Spam is electronic junk mail – unsolicited messages sent by email, text message or instant message without the recipient’s consent. Spam messages often contain offers of free goods or ‘prizes’, cheap products, promises of wealth or other similar offers. You might be asked to pay a joining fee, to buy something to ‘win’ a prize or to call or text a 190 telephone number (calls made to these numbers are charged at premium rates).

Do not respond to spam messages. If you receive a spam email, the best thing to do is delete it. Do not respond, attempt to unsubscribe, or call any telephone number listed in the email. Most importantly, do not send any money, credit card details or other personal details to the scammers. You should also report the spam message to the ACORN.

Sending spam emails for commercial purposes is an offence under Australian law. There are significant fines attached to this offence, of up to a maximum of $1.1 million for offending businesses. The Australian Communications and Media Authority (ACMA) enforces Australia’s anti-spam laws, and provides advice for businesses to avoid breaching these laws.

More information about unexpected prize or money scams (which are often contained in spam emails), can be found in Online scams or fraud.

Case study

Stephanie is a university student living in Cairns. She receives an email from an airline saying that she has won a $999 credit towards her next holiday. To redeem the credit, the email requests that Stephanie respond within the next 12 hours with her credit card details. She responds straight away, including her full name and credit card details. The next day, Stephanie notices that $1000 has been taken from her bank account.

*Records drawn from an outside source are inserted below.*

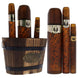 CUBA MUST HAVE SET GOLD FOR MEN 4PCS (3.3 OZ EDT 6.8 SL 6.8 BS 3.4 AF)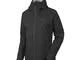 Salewa, Puez Aqua 3 Ptx W Jkt, Giacca, Donna, Nero (Black Out/0730), 48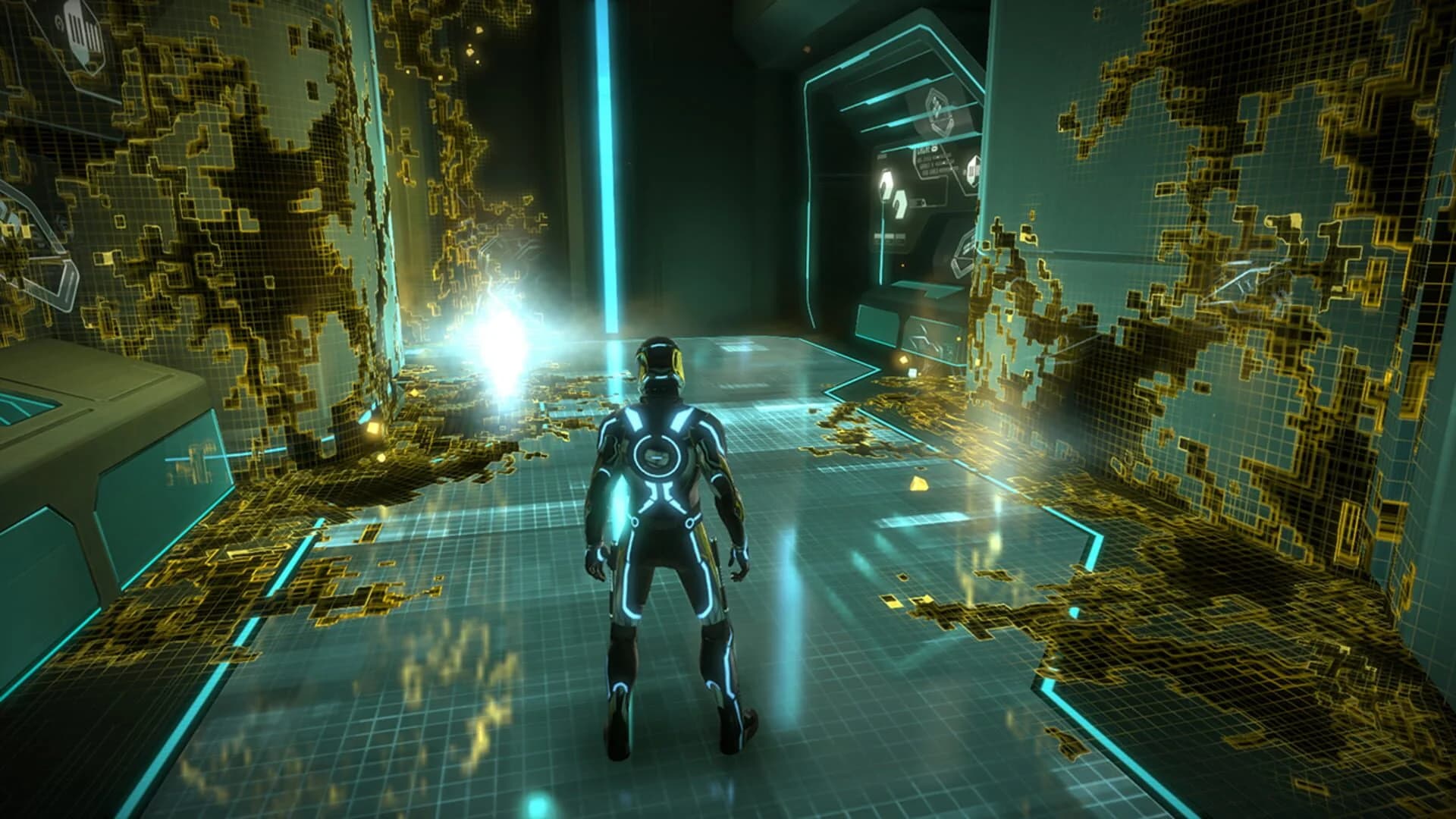 Tron: Evolution screenshot 1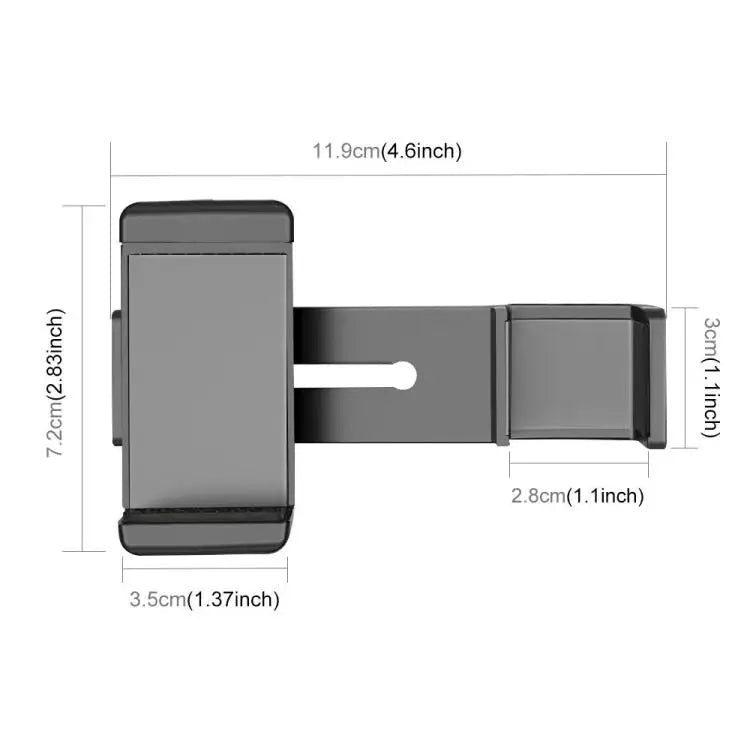 PULUZ Smartphone Fixing Clamp 1/4 inch Holder Mount Bracket for DJI OSMO Pocket / Pocket 2 - Clamp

Stephanie should immediately notify her bank, and should also report this to the ACORN.

What is Phishing?

Phishing is a way that criminals trick people into giving out their personal or financial details. Phishing messages often pretend to come from legitimate businesses, such as banks or telecommunications providers.

Do not respond to phishing messages. If you receive a phishing message the best thing to do is delete it. You should also report the phishing message to the ACORN.

Case study

Mark is 42 years old and lives in Adelaide. He receives an email from his bank which says his internet banking password needs to be changed. He clicks the link in the email and resets his password. The next day, he realises that the email was not actually from his bank. He checks his account and finds $1000 is missing.

In this case, Mark should immediately notify his bank. He should also report this to the ACORN.